* [Directions for this task] All that belongs in the answer is the lines from the one containing "Oversize Bisiklet Yaka" to the end of the listing below, copied exactly, pictures excluded.

* [Material for this exercise]
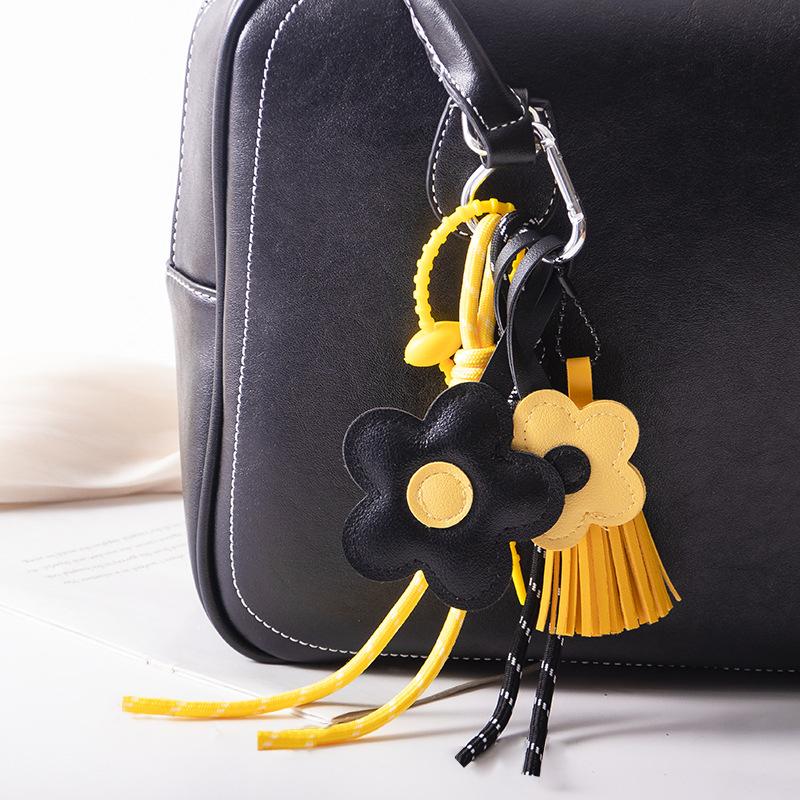 Yogodlns Exquisite Cute Faux Leather Flower Tassel Braided Rope Bag Charms Pendant For Handbag Purse Backpack Accessories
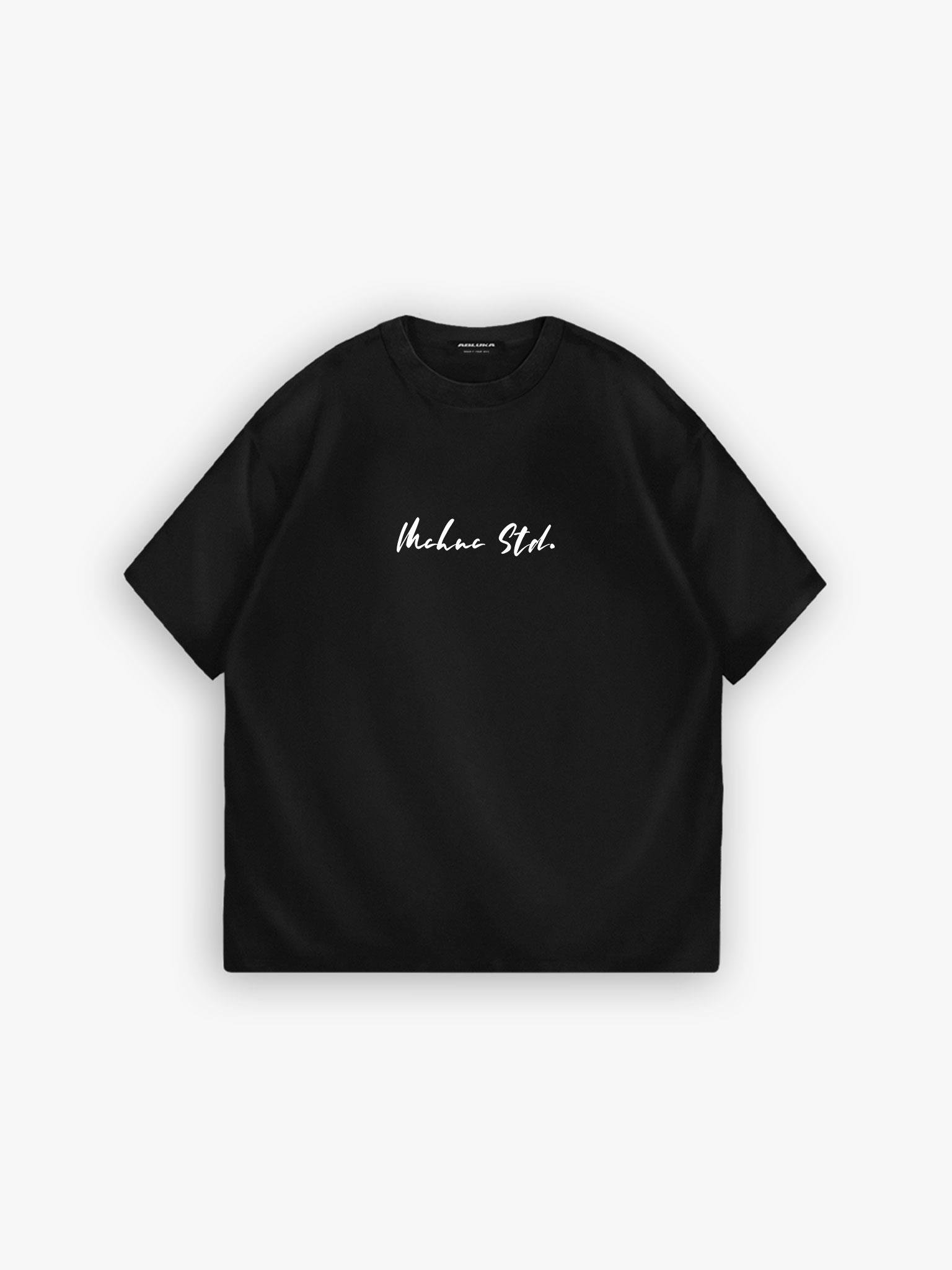 Oversize Bisiklet Yaka Arkası Desen Baskılı T-Shirt Mavi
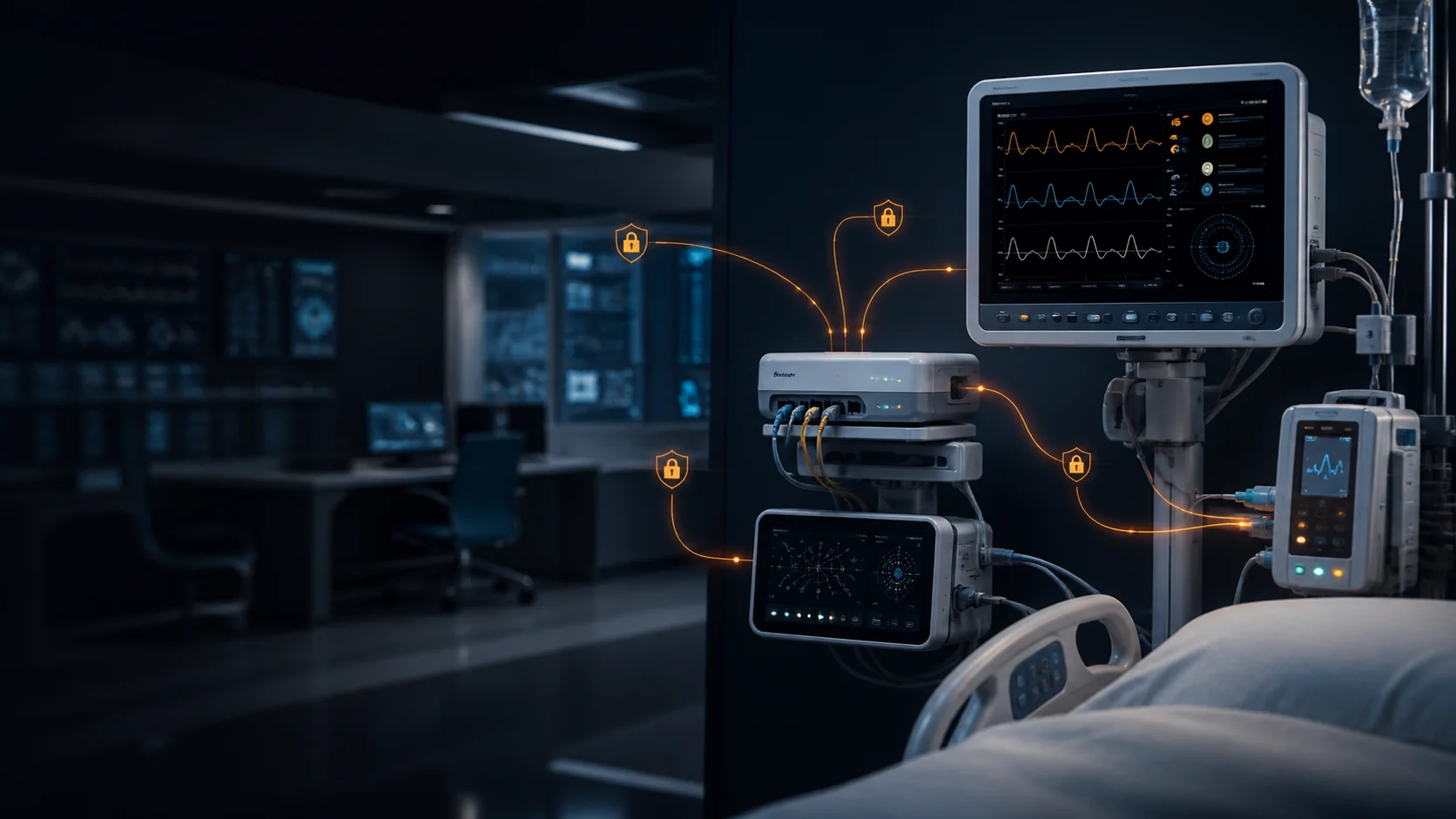 Connected patient monitoring and clinical AI devices with secure orange data-path accents
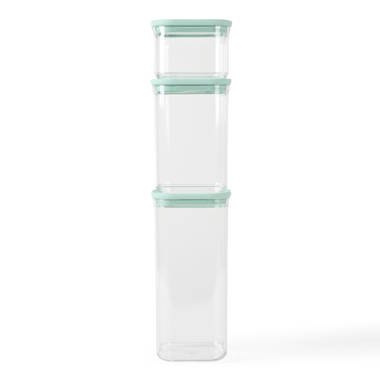 Martha Stewart Seavey 6 Piece 51.4 oz, 35.5 oz, 21.6 oz Square Storage  Borosilicate Glass Container Set w/PP Snap Martha Blue Lids
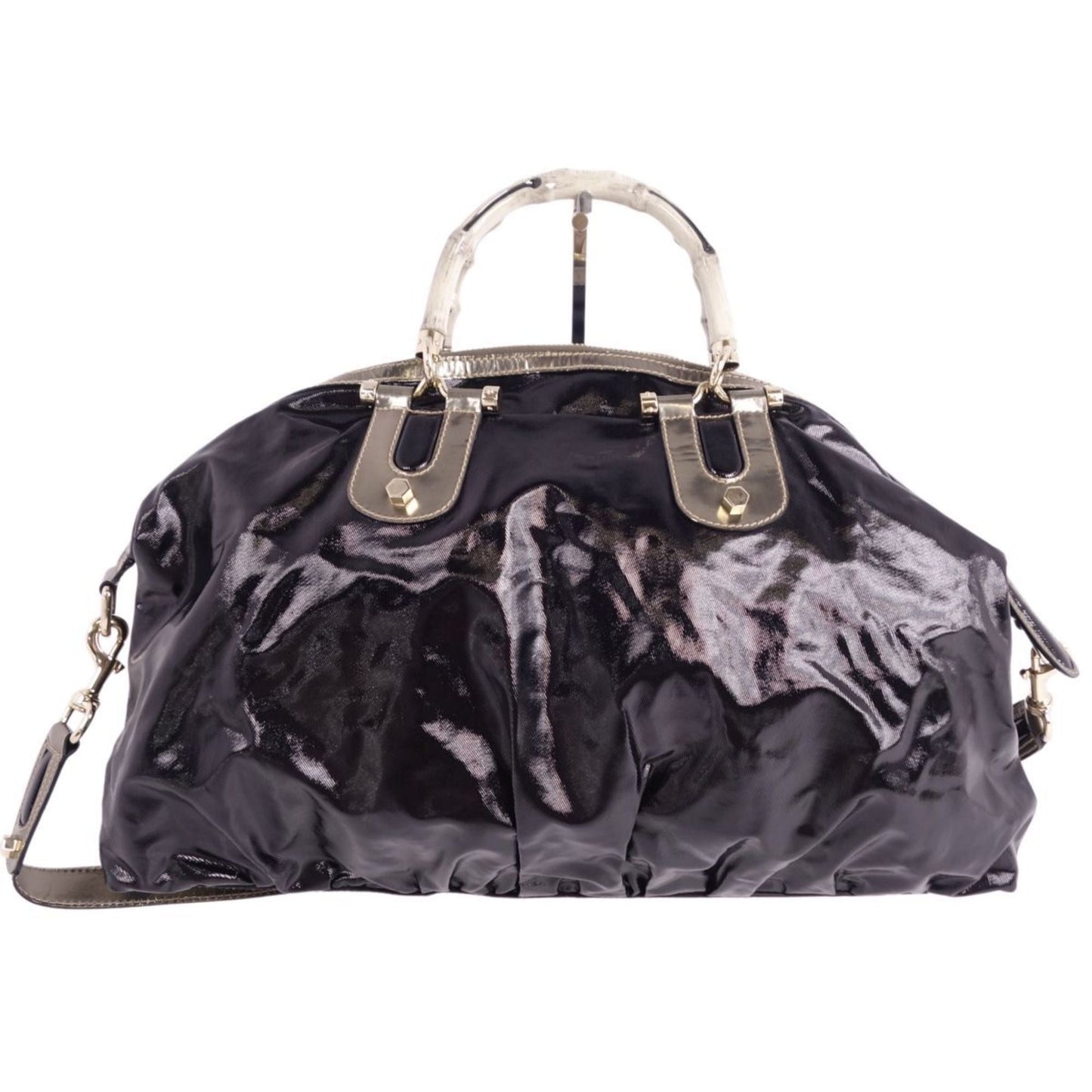 GUCCI bag 2way Boston canvas leather bamboo men's women's black/gold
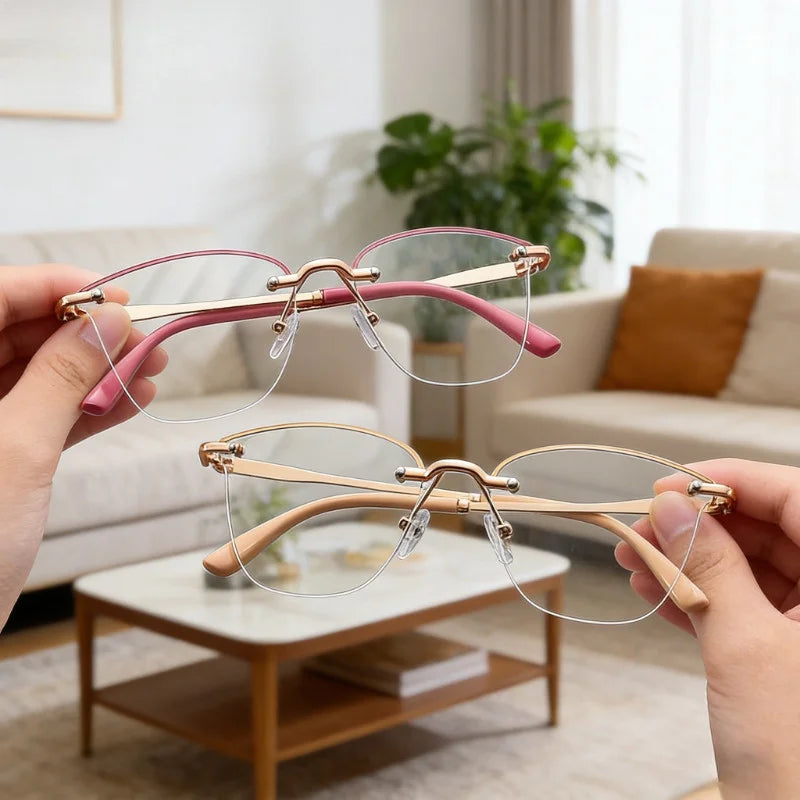 Rimless Reading Glasses for Women Anti Blue Light Reading Eyeglasses Presbyopia Glasses With Grade +100 ~ +400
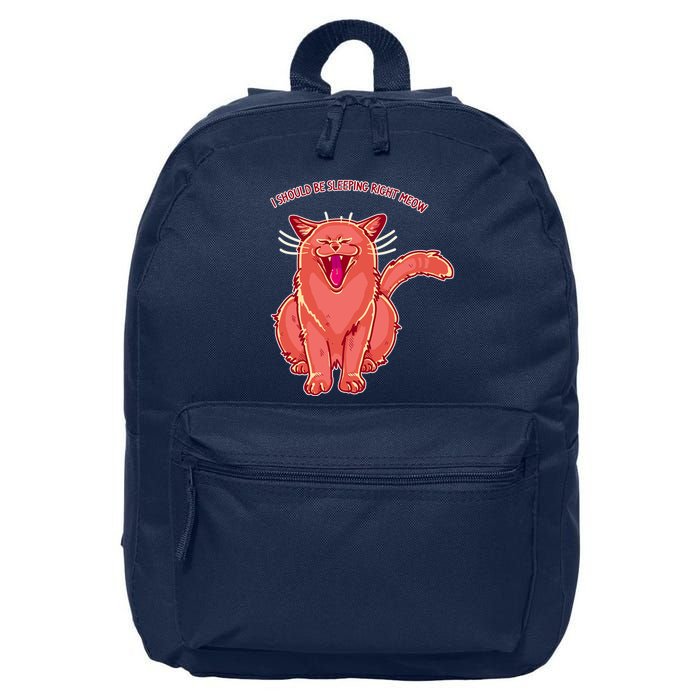 Crying Cat I should Be Sleeping 16 in Basic Backpack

* [Output of the exercise]
 Oversize Bisiklet Yaka Arkası Desen Baskılı T-Shirt Mavi
 Connected patient monitoring and clinical AI devices with secure orange data-path accents
 Martha Stewart Seavey 6 Piece 51.4 oz, 35.5 oz, 21.6 oz Square Storage  Borosilicate Glass Container Set w/PP Snap Martha Blue Lids
 GUCCI bag 2way Boston canvas leather bamboo men's women's black/gold
 Rimless Reading Glasses for Women Anti Blue Light Reading Eyeglasses Presbyopia Glasses With Grade +100 ~ +400
 Crying Cat I should Be Sleeping 16 in Basic Backpack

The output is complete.